» **Records shown**:
# # # #

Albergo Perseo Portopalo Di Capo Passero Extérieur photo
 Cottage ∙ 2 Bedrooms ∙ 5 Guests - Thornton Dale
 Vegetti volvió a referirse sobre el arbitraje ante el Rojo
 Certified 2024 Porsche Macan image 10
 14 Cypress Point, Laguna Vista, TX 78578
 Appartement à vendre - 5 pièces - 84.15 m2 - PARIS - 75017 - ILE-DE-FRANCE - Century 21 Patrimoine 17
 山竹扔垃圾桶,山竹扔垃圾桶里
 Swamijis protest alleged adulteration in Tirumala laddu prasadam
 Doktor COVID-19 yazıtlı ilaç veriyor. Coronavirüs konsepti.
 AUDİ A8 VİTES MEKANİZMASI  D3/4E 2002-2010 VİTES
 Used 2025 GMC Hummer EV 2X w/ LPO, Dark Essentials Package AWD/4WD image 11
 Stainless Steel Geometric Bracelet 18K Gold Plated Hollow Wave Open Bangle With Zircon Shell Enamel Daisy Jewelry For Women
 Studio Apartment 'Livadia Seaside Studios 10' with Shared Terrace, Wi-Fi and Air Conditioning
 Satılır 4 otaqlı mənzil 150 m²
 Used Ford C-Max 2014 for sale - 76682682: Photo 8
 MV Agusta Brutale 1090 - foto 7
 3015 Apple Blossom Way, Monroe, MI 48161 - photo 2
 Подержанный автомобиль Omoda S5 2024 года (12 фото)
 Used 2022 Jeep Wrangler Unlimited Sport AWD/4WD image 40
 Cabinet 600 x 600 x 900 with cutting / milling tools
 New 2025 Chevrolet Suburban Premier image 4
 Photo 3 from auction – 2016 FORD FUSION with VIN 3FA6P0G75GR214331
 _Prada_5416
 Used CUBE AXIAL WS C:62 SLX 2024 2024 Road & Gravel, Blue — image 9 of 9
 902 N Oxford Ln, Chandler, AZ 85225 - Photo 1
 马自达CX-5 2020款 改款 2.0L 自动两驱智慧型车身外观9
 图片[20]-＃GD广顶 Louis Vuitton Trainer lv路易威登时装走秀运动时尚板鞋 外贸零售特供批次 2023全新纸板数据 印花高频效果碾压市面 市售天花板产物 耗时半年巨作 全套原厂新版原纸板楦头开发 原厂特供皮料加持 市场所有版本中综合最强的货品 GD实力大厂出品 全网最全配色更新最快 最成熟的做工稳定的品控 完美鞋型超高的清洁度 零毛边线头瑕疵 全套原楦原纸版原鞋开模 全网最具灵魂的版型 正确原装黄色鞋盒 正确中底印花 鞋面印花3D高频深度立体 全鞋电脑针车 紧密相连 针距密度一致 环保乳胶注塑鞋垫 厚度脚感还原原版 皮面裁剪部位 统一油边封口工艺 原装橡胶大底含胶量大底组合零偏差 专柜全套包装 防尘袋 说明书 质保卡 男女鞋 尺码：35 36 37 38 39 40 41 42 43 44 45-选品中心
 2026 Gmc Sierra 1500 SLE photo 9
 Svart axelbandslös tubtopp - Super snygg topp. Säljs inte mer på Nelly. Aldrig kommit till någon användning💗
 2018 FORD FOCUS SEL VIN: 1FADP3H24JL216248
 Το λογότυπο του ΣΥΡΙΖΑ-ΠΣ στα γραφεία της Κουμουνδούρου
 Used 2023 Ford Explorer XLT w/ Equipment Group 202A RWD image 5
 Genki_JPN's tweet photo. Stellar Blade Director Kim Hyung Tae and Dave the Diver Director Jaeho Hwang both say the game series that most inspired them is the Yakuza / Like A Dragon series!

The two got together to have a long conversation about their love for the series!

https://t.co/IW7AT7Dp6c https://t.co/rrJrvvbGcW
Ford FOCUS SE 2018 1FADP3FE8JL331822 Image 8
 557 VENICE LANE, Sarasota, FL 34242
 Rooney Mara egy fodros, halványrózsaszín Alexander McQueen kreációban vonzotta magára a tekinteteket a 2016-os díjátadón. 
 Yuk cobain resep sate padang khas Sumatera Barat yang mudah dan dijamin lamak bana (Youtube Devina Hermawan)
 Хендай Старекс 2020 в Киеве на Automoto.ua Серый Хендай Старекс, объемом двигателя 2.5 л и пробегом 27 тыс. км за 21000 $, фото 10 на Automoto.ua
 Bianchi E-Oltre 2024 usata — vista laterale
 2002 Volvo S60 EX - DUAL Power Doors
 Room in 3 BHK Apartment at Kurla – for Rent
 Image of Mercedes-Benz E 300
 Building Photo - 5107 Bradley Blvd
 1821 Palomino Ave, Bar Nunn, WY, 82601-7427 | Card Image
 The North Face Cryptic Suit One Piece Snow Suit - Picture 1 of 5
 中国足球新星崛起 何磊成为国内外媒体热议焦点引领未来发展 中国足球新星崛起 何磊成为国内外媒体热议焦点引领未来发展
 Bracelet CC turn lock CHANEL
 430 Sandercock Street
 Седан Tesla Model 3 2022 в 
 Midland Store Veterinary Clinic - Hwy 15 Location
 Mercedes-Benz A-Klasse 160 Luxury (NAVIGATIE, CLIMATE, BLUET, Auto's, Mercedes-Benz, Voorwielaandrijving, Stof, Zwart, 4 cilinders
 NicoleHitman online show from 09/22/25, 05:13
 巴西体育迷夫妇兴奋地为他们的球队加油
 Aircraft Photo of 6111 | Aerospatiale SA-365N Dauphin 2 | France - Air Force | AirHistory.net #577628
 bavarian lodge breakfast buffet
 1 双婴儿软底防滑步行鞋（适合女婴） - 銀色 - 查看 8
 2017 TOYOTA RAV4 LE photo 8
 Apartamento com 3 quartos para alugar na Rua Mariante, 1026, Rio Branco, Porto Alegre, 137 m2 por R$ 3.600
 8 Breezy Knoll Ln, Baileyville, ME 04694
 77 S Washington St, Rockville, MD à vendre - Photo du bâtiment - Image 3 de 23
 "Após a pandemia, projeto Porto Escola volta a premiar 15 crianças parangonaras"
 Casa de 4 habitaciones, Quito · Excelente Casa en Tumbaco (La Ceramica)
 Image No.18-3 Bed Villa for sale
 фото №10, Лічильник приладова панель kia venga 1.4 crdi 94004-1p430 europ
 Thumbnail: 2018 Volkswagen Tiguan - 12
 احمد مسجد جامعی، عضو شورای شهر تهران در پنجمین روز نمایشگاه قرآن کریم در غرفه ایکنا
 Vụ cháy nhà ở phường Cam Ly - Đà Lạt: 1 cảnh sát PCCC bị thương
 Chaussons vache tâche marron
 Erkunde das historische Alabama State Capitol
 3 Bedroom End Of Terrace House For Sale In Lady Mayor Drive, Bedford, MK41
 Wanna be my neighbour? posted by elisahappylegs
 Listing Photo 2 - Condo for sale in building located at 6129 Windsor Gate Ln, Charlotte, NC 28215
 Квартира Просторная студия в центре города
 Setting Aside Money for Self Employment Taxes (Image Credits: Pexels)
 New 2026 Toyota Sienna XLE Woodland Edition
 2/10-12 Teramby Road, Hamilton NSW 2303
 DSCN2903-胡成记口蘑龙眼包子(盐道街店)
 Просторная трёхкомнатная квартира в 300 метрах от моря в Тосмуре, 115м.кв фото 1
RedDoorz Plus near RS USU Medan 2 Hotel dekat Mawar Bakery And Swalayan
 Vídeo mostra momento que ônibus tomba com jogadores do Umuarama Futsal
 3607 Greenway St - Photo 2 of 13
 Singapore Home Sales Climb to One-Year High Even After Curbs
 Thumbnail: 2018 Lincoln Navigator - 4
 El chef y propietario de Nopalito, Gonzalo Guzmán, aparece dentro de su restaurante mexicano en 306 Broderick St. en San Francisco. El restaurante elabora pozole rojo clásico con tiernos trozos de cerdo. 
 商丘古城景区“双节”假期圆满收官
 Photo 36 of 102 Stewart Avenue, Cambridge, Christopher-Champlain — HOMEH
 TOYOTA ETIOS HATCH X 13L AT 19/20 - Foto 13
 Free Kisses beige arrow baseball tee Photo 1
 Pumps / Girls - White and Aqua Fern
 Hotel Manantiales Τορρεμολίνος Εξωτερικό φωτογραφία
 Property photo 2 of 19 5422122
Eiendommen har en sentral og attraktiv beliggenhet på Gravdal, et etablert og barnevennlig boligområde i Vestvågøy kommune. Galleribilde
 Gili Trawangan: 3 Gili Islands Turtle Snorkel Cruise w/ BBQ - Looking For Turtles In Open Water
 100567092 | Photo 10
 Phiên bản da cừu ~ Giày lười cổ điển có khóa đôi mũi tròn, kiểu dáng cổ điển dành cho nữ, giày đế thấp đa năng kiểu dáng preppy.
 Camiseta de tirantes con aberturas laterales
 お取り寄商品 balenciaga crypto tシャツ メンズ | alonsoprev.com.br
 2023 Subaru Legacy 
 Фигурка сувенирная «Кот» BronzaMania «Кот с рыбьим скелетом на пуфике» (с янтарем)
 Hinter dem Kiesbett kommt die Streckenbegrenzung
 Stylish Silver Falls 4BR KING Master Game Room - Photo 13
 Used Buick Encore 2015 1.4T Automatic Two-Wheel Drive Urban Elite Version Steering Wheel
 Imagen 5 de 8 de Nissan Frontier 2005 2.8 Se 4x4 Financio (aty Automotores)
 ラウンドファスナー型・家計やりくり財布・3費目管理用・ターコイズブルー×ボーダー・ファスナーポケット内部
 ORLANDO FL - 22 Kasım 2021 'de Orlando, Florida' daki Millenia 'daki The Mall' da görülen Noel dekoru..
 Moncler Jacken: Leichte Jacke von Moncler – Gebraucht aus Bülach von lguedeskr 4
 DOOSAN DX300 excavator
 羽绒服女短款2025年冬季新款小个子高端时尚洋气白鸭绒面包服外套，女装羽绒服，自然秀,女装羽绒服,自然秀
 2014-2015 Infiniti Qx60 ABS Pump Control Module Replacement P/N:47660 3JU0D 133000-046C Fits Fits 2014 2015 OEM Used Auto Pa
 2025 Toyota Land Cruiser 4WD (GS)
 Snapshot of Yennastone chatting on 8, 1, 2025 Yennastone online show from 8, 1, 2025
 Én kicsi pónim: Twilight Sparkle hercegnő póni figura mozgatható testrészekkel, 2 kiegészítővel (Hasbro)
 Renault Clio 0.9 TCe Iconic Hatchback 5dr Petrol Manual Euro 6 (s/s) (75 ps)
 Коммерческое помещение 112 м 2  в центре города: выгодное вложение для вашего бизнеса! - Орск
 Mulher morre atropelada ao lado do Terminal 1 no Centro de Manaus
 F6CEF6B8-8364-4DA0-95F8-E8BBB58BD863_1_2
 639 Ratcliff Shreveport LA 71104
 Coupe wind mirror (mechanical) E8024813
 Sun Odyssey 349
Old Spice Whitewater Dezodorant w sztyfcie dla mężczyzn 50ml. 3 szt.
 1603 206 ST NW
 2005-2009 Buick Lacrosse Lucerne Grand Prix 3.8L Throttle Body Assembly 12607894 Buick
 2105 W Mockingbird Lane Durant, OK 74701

# # # #

» **What the exercise asks**:
Set down, unchanged, the line that contains "2025 Toyota Land Cruiser 4WD (GS)" together with every later line in the records, through the last one.

» **Solution to this exercise**:
 2025 Toyota Land Cruiser 4WD (GS)
 Snapshot of Yennastone chatting on 8, 1, 2025 Yennastone online show from 8, 1, 2025
 Én kicsi pónim: Twilight Sparkle hercegnő póni figura mozgatható testrészekkel, 2 kiegészítővel (Hasbro)
 Renault Clio 0.9 TCe Iconic Hatchback 5dr Petrol Manual Euro 6 (s/s) (75 ps)
 Коммерческое помещение 112 м 2  в центре города: выгодное вложение для вашего бизнеса! - Орск
 Mulher morre atropelada ao lado do Terminal 1 no Centro de Manaus
 F6CEF6B8-8364-4DA0-95F8-E8BBB58BD863_1_2
 639 Ratcliff Shreveport LA 71104
 Coupe wind mirror (mechanical) E8024813
 Sun Odyssey 349
Old Spice Whitewater Dezodorant w sztyfcie dla mężczyzn 50ml. 3 szt.
 1603 206 ST NW
 2005-2009 Buick Lacrosse Lucerne Grand Prix 3.8L Throttle Body Assembly 12607894 Buick
 2105 W Mockingbird Lane Durant, OK 74701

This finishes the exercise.